* **TRY IT**
Taking the listing below, restate word for word each line from the line with "Gen Z Man Surfing" to the line with "Top view of", ends included, and stop there.
--- GIVEN INFORMATION ---
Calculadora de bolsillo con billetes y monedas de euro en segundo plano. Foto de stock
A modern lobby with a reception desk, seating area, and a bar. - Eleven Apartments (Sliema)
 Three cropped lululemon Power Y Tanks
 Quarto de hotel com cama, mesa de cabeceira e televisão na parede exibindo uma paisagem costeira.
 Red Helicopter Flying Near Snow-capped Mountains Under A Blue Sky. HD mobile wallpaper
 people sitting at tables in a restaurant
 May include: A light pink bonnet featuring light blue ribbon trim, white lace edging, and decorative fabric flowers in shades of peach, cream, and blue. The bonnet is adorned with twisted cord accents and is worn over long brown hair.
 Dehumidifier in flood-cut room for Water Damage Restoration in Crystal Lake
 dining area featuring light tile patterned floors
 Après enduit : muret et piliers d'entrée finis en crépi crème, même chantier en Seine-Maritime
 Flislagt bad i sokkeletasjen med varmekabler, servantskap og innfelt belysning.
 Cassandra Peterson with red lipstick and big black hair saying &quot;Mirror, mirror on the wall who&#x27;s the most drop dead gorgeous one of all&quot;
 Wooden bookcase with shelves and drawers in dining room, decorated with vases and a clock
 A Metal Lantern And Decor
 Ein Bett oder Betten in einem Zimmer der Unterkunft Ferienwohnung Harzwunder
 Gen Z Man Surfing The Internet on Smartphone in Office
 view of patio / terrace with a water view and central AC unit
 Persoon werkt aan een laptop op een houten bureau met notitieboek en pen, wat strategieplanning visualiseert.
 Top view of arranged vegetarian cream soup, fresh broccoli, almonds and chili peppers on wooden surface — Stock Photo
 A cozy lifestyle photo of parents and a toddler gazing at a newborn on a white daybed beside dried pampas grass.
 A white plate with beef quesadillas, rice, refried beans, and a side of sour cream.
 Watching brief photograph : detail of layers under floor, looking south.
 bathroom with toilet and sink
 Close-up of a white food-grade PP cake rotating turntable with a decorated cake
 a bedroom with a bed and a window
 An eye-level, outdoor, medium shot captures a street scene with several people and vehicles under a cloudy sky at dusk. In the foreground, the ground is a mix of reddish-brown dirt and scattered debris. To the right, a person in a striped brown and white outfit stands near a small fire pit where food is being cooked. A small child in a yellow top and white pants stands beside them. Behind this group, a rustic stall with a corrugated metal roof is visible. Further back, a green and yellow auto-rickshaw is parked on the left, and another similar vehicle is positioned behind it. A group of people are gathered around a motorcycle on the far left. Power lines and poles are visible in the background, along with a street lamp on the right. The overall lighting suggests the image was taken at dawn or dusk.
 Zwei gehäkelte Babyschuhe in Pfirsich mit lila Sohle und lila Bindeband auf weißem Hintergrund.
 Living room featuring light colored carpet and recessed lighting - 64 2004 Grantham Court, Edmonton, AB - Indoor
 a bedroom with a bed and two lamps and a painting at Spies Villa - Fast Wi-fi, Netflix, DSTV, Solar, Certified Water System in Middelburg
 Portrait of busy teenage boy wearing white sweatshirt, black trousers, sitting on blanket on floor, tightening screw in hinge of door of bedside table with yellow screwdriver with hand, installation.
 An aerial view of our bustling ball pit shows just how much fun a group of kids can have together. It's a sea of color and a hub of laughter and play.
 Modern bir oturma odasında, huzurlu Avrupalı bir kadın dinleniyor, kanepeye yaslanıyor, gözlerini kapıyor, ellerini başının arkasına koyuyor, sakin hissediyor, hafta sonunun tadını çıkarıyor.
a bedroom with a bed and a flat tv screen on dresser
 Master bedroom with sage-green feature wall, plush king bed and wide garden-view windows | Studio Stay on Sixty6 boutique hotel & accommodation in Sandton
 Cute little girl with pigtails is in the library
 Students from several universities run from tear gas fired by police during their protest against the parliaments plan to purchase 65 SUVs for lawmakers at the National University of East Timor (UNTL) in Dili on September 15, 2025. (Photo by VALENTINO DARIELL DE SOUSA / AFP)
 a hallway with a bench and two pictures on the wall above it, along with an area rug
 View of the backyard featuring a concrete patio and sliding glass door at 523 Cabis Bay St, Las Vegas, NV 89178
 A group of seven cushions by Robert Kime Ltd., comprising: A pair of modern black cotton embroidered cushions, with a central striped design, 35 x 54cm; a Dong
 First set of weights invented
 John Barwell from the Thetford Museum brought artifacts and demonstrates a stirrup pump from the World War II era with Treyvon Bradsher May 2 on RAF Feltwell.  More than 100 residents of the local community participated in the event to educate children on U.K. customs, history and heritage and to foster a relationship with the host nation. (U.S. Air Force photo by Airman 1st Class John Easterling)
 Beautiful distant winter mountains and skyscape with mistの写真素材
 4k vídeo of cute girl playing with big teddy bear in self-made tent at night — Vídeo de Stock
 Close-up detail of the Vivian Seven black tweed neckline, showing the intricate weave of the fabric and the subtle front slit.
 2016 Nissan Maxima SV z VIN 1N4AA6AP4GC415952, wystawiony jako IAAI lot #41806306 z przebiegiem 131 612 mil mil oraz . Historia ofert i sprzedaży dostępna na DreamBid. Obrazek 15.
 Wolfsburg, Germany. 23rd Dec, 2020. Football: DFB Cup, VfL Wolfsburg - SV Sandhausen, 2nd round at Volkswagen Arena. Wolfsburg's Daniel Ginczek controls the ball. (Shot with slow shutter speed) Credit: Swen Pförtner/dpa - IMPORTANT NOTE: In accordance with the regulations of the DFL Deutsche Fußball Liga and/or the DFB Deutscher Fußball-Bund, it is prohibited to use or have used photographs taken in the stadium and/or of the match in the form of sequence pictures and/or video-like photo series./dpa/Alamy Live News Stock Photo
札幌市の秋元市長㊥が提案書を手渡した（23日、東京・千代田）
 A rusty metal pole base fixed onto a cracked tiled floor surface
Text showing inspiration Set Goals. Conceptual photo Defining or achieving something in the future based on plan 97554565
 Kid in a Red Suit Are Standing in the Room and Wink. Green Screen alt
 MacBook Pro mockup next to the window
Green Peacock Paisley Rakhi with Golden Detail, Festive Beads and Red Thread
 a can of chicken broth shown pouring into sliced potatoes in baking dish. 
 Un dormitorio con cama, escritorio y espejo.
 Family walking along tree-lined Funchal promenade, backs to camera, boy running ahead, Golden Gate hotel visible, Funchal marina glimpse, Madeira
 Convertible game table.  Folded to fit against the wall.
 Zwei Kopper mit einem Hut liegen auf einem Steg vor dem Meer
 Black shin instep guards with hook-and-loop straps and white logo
---
* **WRITTEN ANSWER**
 Gen Z Man Surfing The Internet on Smartphone in Office
 view of patio / terrace with a water view and central AC unit
 Persoon werkt aan een laptop op een houten bureau met notitieboek en pen, wat strategieplanning visualiseert.
 Top view of arranged vegetarian cream soup, fresh broccoli, almonds and chili peppers on wooden surface — Stock Photo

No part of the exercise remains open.